You have my ring, and now I send also this ring brooch to you to pledge my love.
‘Amor vincit omnia.’
It means ‘love conquers all’ – and so it shall.


I will return as soon as possible, for I miss you more than life itself.


Je t’embrasse de tout mon coeur, de tout mon corps, ma cherie. John.

There was a long silence after Janna stopped speaking. She waited for her father to say something, but he seemed incapable of speech. It was hard to read his expression. Knowing what a shock her words must have been, Janna felt some sympathy for him.

“I only realized after my mother died that she did not know how to read and write,” she said, knowing this would be a bitter grief to her father. “Nor did she ask anyone to read your letter to her. So she didn’t know you planned to return. She thought you had gone back to wed the woman to whom you were betrothed.”

“But…how could she think that?” It was a cry from the heart. “How could she think I would marry someone – anyone – other than her?”

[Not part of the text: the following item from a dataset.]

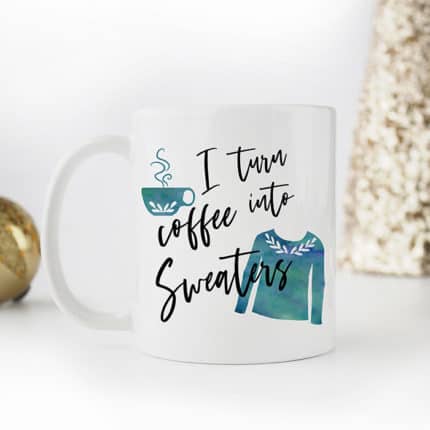 A white mug that reads, I turn coffee into sweaters with a teal sweater and cup of coffee pictured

“But you married someone else,” Janna reminded him. “You married Dame Blanche.”

“Only because I thought your mother was dead! On my return from Normandy I searched everywhere, but I found no trace of her, not anywhere. Even the sisters at Ambresberie claimed to know nothing of her whereabouts.”

“They were speaking the truth,” said Janna. “When the abbess refused to shelter my mother, she set off for Wiltune and the abbey there. By then she was heavy with child, and she called herself Eadgyth,
wortwyf
and healer.”

“And I was looking for a single woman, not a mother and child. And I was asking for Sister Emanuelle. Your mother never told me her real name. And now it’s too late and she really is dead!” Grief convulsed John’s features. He snatched up the mug of ale and drank deeply to disguise his distress.

“She died with your name on her lips. She never spoke of you to me, but she loved you all her life. And she never wed anyone else either.” Janna wasn’t sure whether it was a comfort or a curse for John to know that. “My real name is Johanna,” she said, hoping to ease his pain. “She named me after you.”

“Johanna?”

Janna inclined her head in agreement.

“And did your mother enter the convent at Wiltune? Is that why I couldn’t find her? Is that where you were reared?”

“No.” Janna couldn’t help bitterness creeping into her voice as she began to describe their life to her father. “The abbess granted my mother a cot and a small piece of land close to the forest of Gravelinges. We eked out a living brewing potions and healing the sick.”